Saved data entries:
◆ ◆ ◆ ◆ ◆

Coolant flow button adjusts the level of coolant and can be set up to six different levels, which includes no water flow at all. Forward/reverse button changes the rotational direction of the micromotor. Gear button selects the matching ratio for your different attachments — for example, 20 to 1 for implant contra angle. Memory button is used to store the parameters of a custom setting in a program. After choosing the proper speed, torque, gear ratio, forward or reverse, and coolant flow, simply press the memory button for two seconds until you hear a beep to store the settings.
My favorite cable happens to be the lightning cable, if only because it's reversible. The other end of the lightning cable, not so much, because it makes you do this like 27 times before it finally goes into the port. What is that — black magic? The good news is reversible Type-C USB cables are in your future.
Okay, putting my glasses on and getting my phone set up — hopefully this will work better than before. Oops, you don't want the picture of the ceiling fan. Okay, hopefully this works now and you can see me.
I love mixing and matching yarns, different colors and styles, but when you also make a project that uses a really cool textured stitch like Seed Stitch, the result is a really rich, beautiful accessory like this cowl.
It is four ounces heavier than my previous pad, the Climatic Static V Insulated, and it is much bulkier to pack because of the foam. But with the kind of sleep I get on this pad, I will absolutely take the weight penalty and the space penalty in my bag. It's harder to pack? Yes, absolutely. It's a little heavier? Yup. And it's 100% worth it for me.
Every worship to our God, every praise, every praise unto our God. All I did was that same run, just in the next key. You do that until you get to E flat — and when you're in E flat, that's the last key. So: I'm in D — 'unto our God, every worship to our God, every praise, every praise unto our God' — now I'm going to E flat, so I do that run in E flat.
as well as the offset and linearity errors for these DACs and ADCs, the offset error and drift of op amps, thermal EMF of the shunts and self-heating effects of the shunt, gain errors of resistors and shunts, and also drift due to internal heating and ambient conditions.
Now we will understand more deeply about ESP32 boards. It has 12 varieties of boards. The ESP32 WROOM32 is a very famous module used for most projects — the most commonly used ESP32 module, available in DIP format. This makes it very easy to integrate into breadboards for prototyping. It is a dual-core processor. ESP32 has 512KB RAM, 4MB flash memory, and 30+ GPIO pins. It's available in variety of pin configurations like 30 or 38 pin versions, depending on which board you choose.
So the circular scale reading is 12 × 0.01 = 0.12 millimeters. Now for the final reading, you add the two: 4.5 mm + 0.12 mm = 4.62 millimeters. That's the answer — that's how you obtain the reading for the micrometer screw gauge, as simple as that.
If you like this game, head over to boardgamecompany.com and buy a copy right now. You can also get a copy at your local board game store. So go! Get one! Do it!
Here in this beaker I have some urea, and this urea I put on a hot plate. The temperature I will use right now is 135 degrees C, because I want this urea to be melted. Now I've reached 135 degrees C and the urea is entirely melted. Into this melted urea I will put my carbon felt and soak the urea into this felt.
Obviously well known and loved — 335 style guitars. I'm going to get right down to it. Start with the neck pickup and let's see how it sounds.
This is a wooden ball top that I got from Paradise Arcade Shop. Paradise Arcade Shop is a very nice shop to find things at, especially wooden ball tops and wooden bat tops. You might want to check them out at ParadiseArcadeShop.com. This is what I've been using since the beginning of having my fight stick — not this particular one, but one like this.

◆ ◆ ◆ ◆ ◆

[Your goal]
Return the total number of lines in the records that contain "into", without any explanation.

[Result]
3